The federal Department of Health and Aged Care says RSV's epidemiology is similar to other respiratory viruses, so it's common for cases to peak in the winter months.
It says RSV infection numbers are similar to flu cases for this year.
"If we compare the three conditions for the previous fortnight, we can see that RSV and influenza notifications to NNDSS were very similar, with COVID-19 having roughly 10 times the notifications over the same period," a spokesperson said.
"The department is closely monitoring all three conditions as we move towards the winter months."
It's important to remember that these numbers only represent the cases that have been reported, so the true figures could be different — especially given that RSV illness is mild in most cases.
Queensland Health said there had been an early increase in RSV and flu infections this year compared to last year.
"This is in line with the flu season in the northern hemisphere, which also saw an increase in both flu and RSV cases ahead of their own flu season," a spokesperson said.

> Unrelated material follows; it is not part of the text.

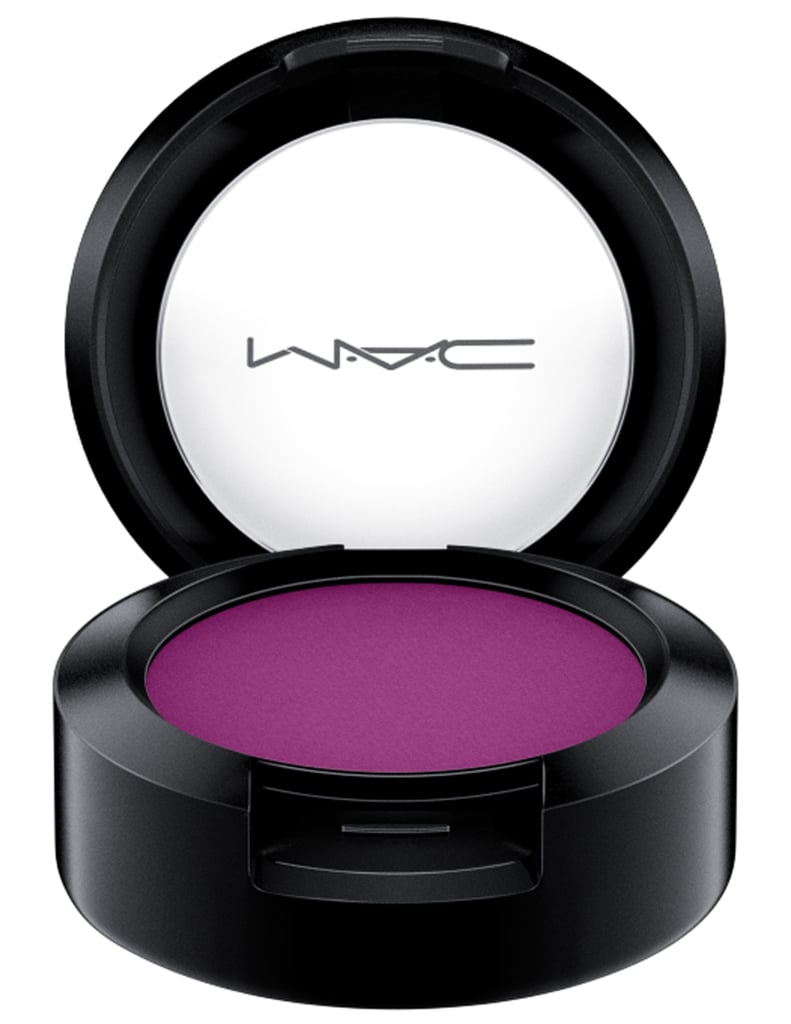 Mac in Monochrome Heroine Collection Eye Shadow in What a Heroine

How long is RSV contagious?
For about three to eight days after symptoms begin, generally speaking.
But NSW Health says this period could be longer in someone with a weakened immune system.
How long after exposure will symptoms appear?

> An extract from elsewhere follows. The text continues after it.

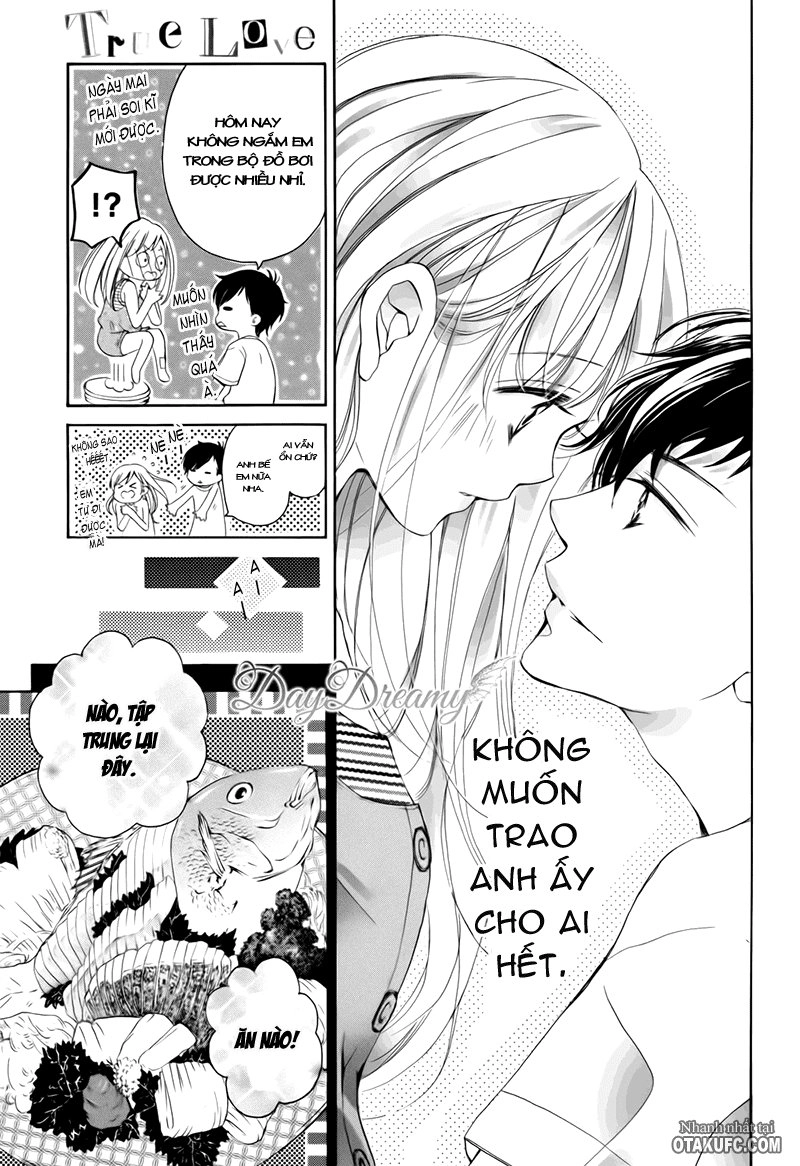 True Love Chapter 20 - 11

Usually between three and 10 days after contact with RSV.
How do I protect myself from RSV?
It's the same drill as for the flu and COVID-19, so think regular handwashing and sanitiser.
Cough or sneeze into your elbow and, if you've got symptoms, the federal health department says to wear a mask in crowded places and high-risk settings like aged care homes and hospitals.
Symptomatic people should avoid contact with infants, older people and immunocompromised people.
Is there a vaccine for RSV?
There are some in the works.
Earlier this month, the US approved the use of a vaccine called Arexvy for RSV for people aged 60 and over.
That's the first RSV vaccine approved for use in the US.
Does Australia have an RSV vaccine?
Arexvy's manufacturers, GlaxoSmithKline Australia, submitted an application with Australia's Therapeutic Goods Administration in January.
The legislated time frame for the TGA to complete an evaluation is 255 days.
"However, applications are generally completed before this time, noting time frames for evaluation of individual applications depend on when all data is provided by the sponsor," a Department of Health and Aged Care spokesperson said.
"Approval for use in specific demographics (including use in pregnancy) will ultimately depend on the data presented by the sponsor to the TGA.
"This data needs to meet the TGA's high standards for safety, quality and efficacy."
Meanwhile, in March, the TGA granted a priority determination for its mRNA vaccine for the prevention of RSV-associated lower respiratory tract disease in adults 60 years and older.
A priority determination speeds up the evaluation, cutting the target time frame down to 150 working days.
"This determination is the first step in the priority review process and does not guarantee an application has or will be made by the sponsor, or that an application will be approved."